## Data provided

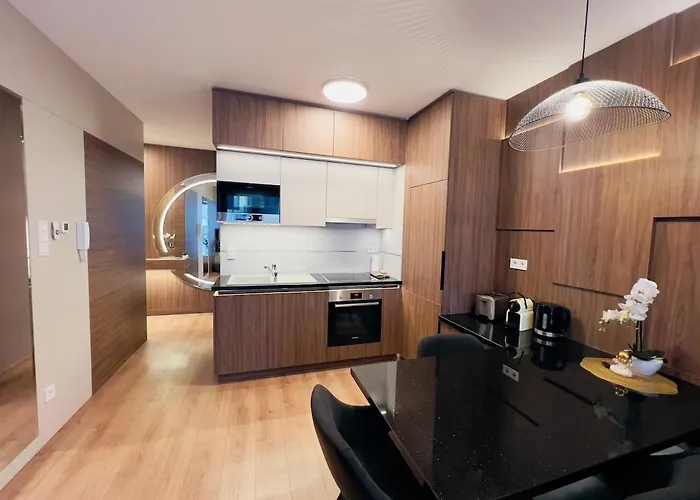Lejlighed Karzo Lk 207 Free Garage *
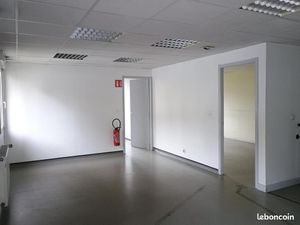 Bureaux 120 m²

---

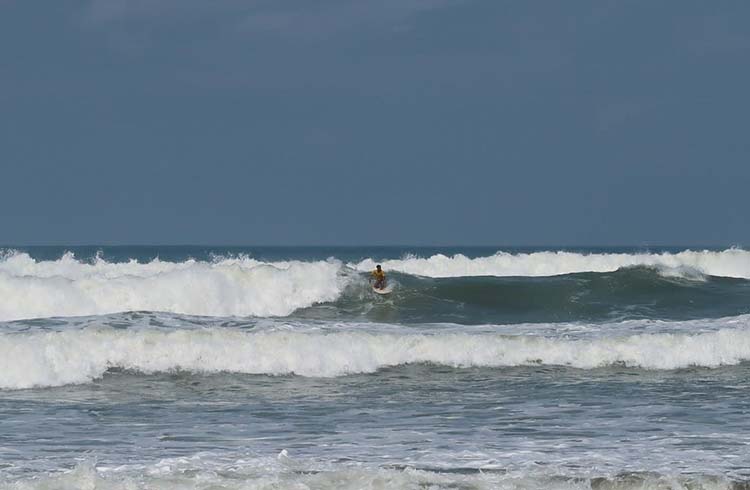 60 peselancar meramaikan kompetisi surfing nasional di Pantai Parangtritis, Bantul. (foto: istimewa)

## Required action
Using the data above, retype exactly the lines from the line with "Lejlighed Karzo Lk 207 Free Garage *" to the line with "Bureaux 120 m²", inclusive. No pictures and nothing else.

## Your response
Lejlighed Karzo Lk 207 Free Garage *
 Bureaux 120 m²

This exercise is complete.